Pictures stay out of the copy. Retype exactly the lines below from the one with "Kelami Akıldan Tasavvufi Keşfe" through the one with "Akon Hits - Mix Tape".

> [Given data]
::::::

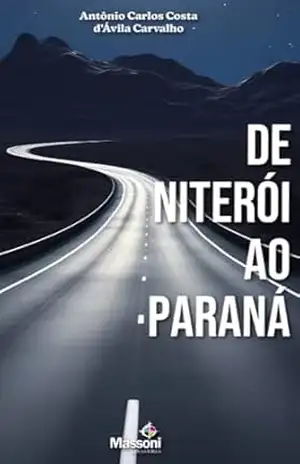 De Niterói ao Paraná – Antônio Carlos Costa d’Ávila Carvalho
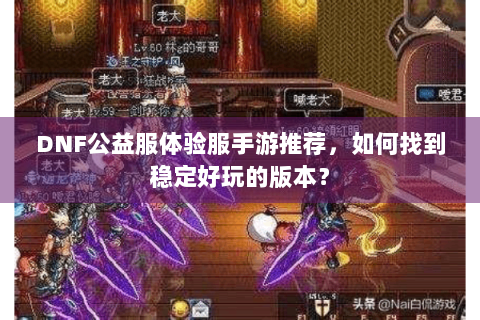 DNF公益服体验服手游推荐，如何找到稳定好玩的版本？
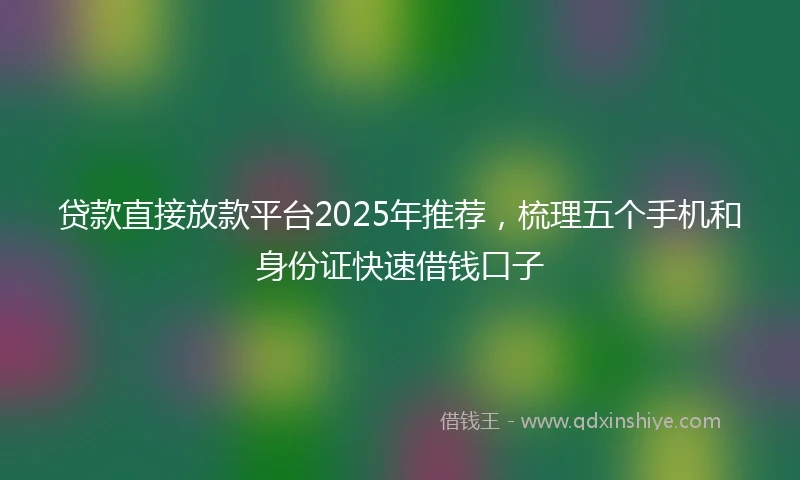 贷款直接放款平台2025年推荐，梳理五个手机和身份证快速借钱口子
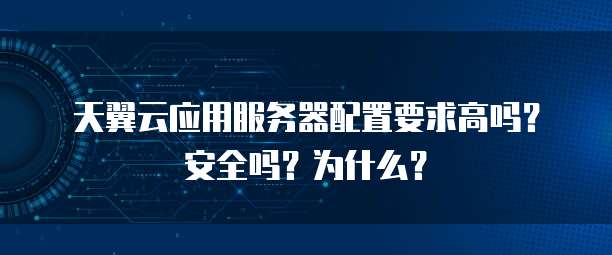 天翼云应用服务器配置要求高吗?安全吗?为什么?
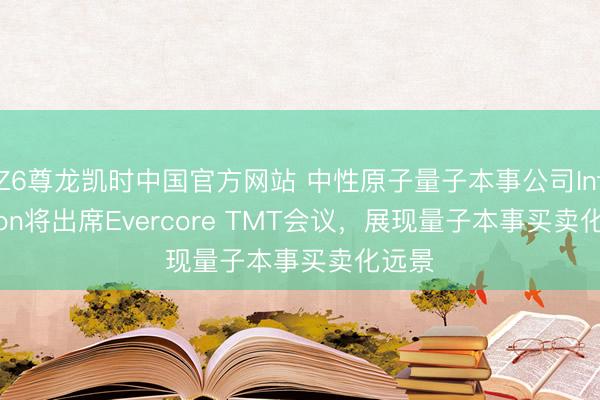 Z6尊龙凯时中国官方网站 中性原子量子本事公司Infleqtion将出席Evercore TMT会议，展现量子本事买卖化远景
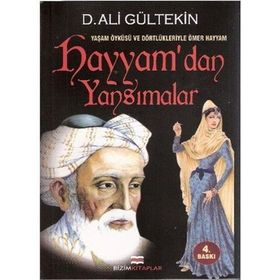 YAŞAM ÖYKÜSÜ VE DÖRTLÜKLERİYLE ÖMER HAYYAM HAYYAM'DAN YANSIMALAR - D. ALI GÜLTEKİN
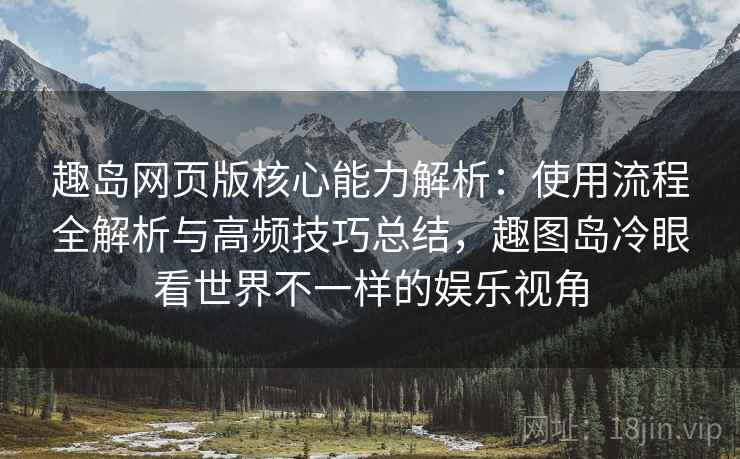 趣岛网页版核心能力解析：使用流程全解析与高频技巧总结，趣图岛冷眼看世界不一样的娱乐视角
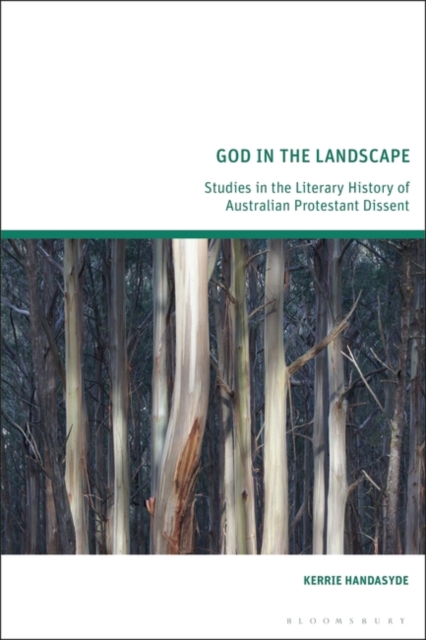 God in the Landscape : Studies in the Literary History of Australian Protestant Dissent, PDF eBook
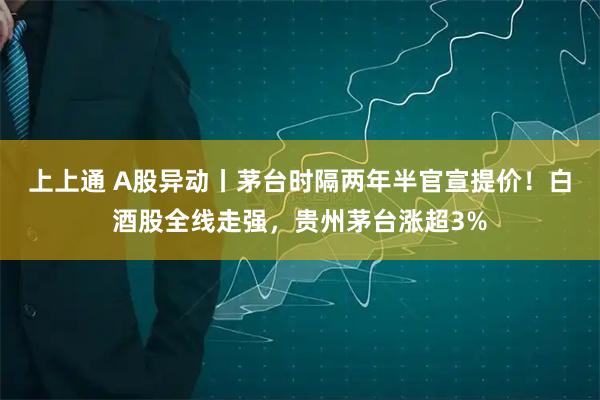 上上通 A股异动丨茅台时隔两年半官宣提价！白酒股全线走强，贵州茅台涨超3%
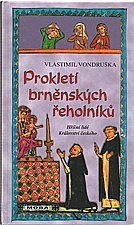 Vondruška: Prokletí brněnských řeholníků, 2011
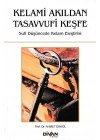 Kelami Akıldan Tasavvufi Keşfe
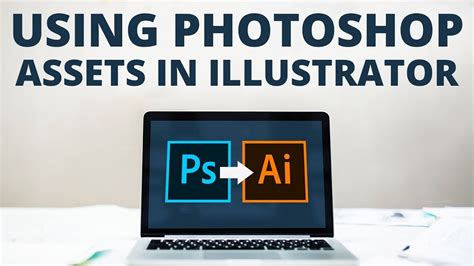 How To Use Photoshop Assets In Illustrator Tutorial Youtube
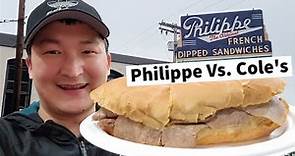Who Makes LA's BEST French Dip? Philippe The Original vs Cole's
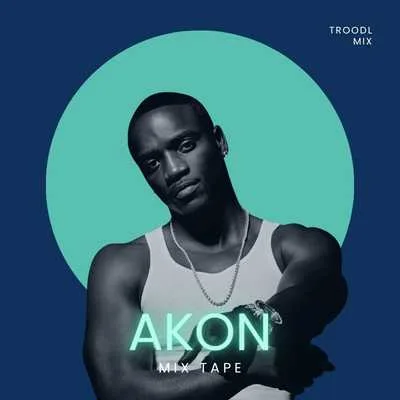 Akon Hits - Mix Tape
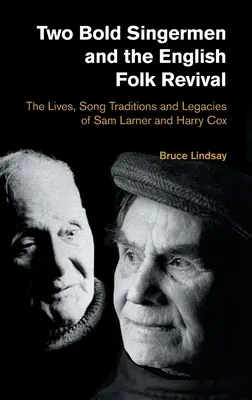 Two Bold Singermen and the English Folk Revival: The Lives, Song Traditions and Legacies of Sam Larner and Harry Cox (Dwóch odważnych śpiewaków i angielskie odrodzenie folku: życie, tradycje i dziedzictwo Sama Larnera i Harry'ego Coxa) - Two Bold Singermen and the English Folk Revival: The Lives, Song Traditions and Legacies of Sam Larner and Harry Cox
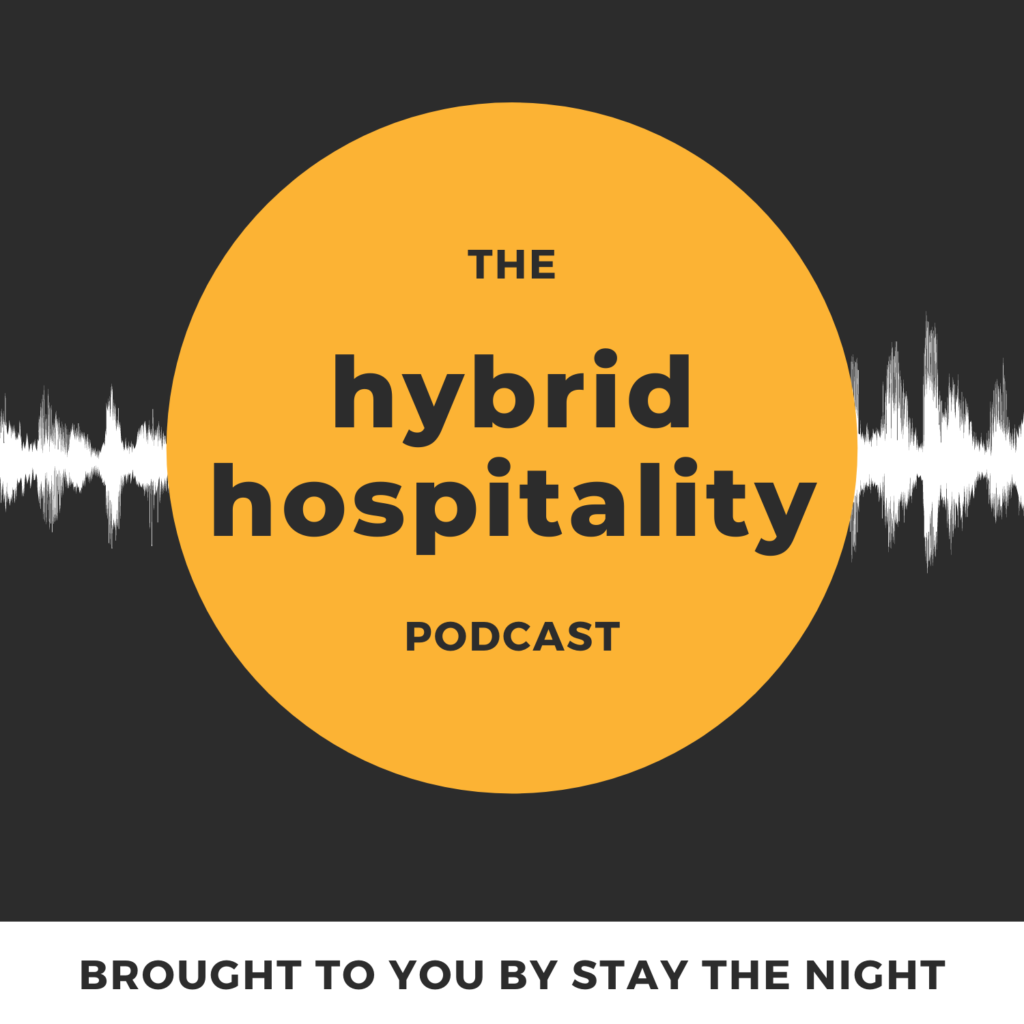 The Hybrid Hospitality Podcast - Stay the Night, creative marketing agency for future of hospitality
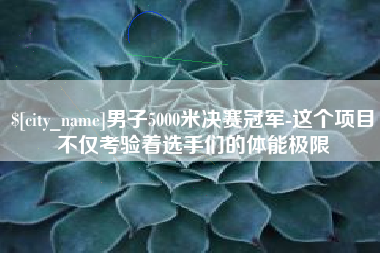 玉溪男子5000米决赛冠军-这个项目不仅考验着选手们的体能极限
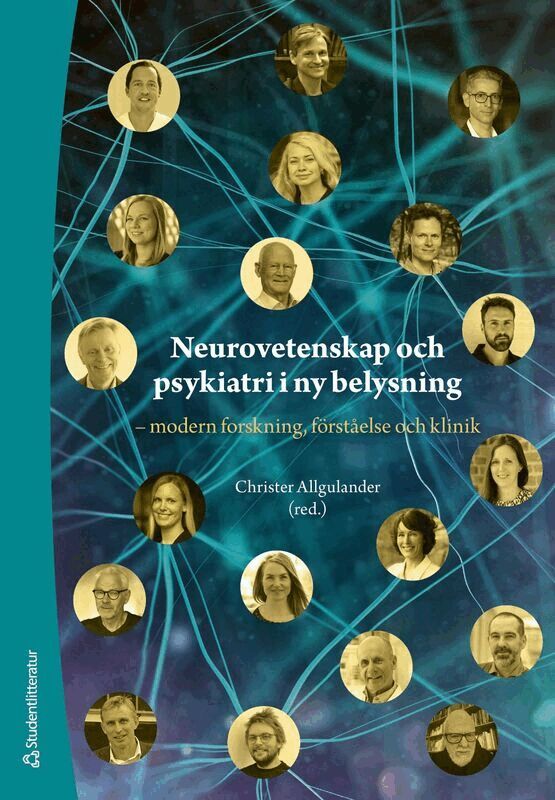 Christer Allgulander, Louise Adermark, Hans Basun, Jakob Clason van de Leur, Linda Engström Ruud, Lars Hagberg, Fredrik Hieronymus, Karin Jensen, Petri J. Kajonius, Lars Lannfelt, Martin Larhammar, Mats Lekander, Daniel Lindqvist, Fotios Papadopoulos, Julia Rode, David Sjöström, Kristiina Tammimies, Lina Tingö - Neurovetenskap och psykiatri i ny belysning - - modern forskning, förståelse och klinik, Häftad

::::::

> [Solution to this problem]
 Kelami Akıldan Tasavvufi Keşfe
 How To Use Photoshop Assets In Illustrator Tutorial Youtube
Who Makes LA's BEST French Dip? Philippe The Original vs Cole's
 Akon Hits - Mix Tape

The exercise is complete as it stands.